Very importantly, the justices went to some lengths to emphasize that the ruling allowed only limited searches of cell phones – specifically, only to the cell phone’s calls list – not to other areas of the phone – which, these days, store just about every piece of data imaginable about the user, including emails, texts, web searches, even GPS locations. As to those extremely important constitutional questions surrounding these other areas of a person’s cell phone, the court pointedly did not address those questions, leaving examination of those questions “open for another day” to quote the opinion’s author, Justice Margot Botsford.

The case on appeal revolved around a suspected drug deal that allegedly occurred in East Boston. A suspect named Demetrius A. Phifer was arrested by Boston Police on July 11 2011, after police allegedly saw him enter a car with someone they knew to be a drug user, and conduct what appeared to be a drug deal. Afterward, police pulled over the drug user’s car, obtained his cellphone number, and then cross-checked it against Phifer’s cellphone which they had seized when arresting him. The result? Police found the drug user’s phone number on Phifer’s calls list.

At Phifer’s trial on drug charges in Boston Municipal Court, Judge Robert Ronquillo Jr. ruled that police did not violate the defendant’s privacy interests in searching his cell phone’s call log, because police have typically been allowed to look for evidence of a crime from a suspect and his belongings when they booking the suspect at a police station. In legal terms, this type of police search is referred to as a “Search incident to arrest.” The defendant’s lawyer appealed, arguing that the officer’s actions of looking into the supect’s cell phone call list, and the SJC ruled on Wednesday that the trial judge was correct in his evidentiary ruling. According to the court, “The limited search of the recent call list on the defendant’s cellular telephone was permissible under both the Fourth Amendment and” Article 14 of the state’s Declaration of Rights. The officers here had probable cause to believe the telephone’s recent call list would contain evidence relating to the crime for which he was arrested. The search of the call list in this case was a valid search incident to arrest.” (Known among lawyers as a “Search incident to.”

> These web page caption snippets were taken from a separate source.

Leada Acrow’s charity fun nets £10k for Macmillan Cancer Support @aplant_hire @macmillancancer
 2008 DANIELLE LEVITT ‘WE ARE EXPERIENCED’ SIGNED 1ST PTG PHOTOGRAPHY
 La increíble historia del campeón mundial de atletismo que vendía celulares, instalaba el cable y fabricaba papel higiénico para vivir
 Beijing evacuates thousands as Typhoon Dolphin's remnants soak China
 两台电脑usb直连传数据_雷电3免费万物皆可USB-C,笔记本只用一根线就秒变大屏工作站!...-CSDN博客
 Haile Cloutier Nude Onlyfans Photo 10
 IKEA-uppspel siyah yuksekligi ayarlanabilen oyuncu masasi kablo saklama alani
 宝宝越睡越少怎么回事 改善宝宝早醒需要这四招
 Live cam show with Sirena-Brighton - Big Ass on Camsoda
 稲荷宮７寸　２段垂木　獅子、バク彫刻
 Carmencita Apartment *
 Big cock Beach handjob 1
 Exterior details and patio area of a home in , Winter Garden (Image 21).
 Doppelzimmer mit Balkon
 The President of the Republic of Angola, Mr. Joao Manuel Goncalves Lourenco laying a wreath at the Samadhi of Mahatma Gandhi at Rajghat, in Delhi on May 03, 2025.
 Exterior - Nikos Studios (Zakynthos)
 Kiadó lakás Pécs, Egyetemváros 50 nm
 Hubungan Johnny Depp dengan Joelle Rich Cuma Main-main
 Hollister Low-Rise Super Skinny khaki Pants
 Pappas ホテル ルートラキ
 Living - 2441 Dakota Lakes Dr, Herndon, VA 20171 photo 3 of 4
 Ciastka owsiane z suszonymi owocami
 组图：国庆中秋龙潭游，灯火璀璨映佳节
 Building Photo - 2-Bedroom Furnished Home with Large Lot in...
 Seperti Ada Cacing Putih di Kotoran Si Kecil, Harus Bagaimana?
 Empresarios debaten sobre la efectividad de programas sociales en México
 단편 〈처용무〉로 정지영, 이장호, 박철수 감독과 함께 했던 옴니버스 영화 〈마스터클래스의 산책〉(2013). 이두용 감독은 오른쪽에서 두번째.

Predictably, prosecutors praised the ruling. Equally predictably, defense lawyers see in this decision the prospect of suspects’ rights being dangerously eroded. As a Quincy Massachusetts criminal defense attorney, I agree that this decision, however narrowly crafted, poses the potential for abuse. The reason is this: The court’s decision allows police to make a limited intrusion into the cell phone of a person who has been arrested – in theory, just to look at the “recent calls” list only. If we could be assured that the real world would reflect the very limited searches of a person’s cell phone envisioned by the SJC, I would not necessarily object to this ruling. But here’s the pivotal question: What is to stop police from going beyond looking into someone’s calls list only? Who’s to know? In far more than just theory, police – out in the field when no one is looking – could mine all kinds of data in a person’s cell phone, and later claim they found the information through legitimate investigative measures.

Don’t think that’s beyond possibility. It’s not. While most police officers that I know are honest and hard-working, there are always “bad apples.” Envision this situation: You or someone you care about has been arrested by police as a suspect to a crime. They seize your smartphone. They start to search through it, but you’re either handcuffed in the back seat of a cruiser, or you’re somewhere else where you can’t see exactly what they’re doing with the phone. Would you trust that they wouldn’t look into other areas of the phone, aside from just the “recent calls” list? I don’t think that smartphone manufacturers currently incorporate separate lock-outs or passwords for separate areas of a phone’s data banks, and that’s about the only way that I can think of to lock away all other data aside from a call log.

This is a type of situation where theory and practice diverge. It’s a tough legal question to balance.